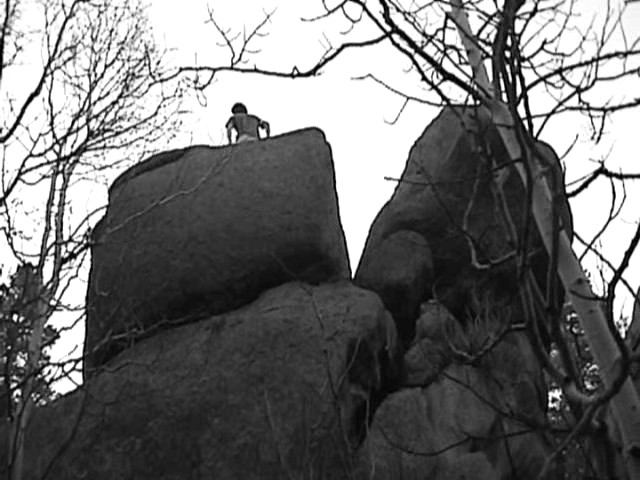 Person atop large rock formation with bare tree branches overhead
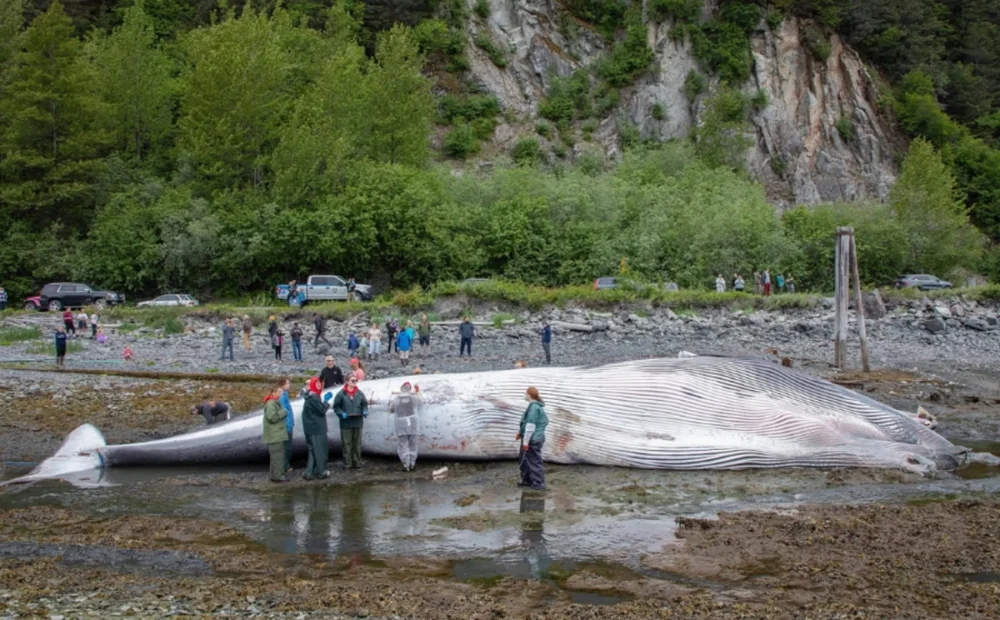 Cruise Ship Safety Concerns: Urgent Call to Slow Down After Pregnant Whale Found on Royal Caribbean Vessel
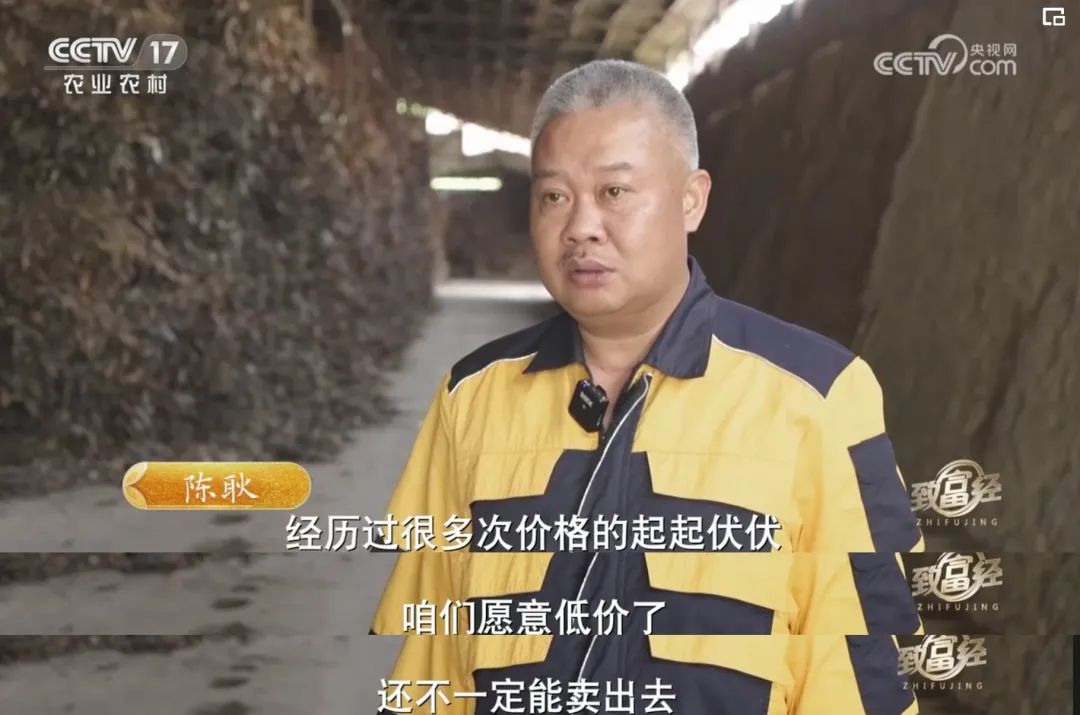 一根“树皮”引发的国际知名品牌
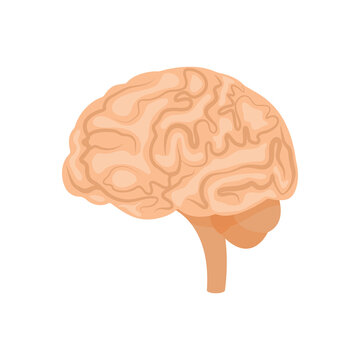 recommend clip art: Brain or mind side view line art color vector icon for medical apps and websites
■ ■ ■
Activity: Leave the images out. Set down all of the material above exactly.

Solved exercise:
 Person atop large rock formation with bare tree branches overhead
 Cruise Ship Safety Concerns: Urgent Call to Slow Down After Pregnant Whale Found on Royal Caribbean Vessel
 一根“树皮”引发的国际知名品牌
 recommend clip art: Brain or mind side view line art color vector icon for medical apps and websites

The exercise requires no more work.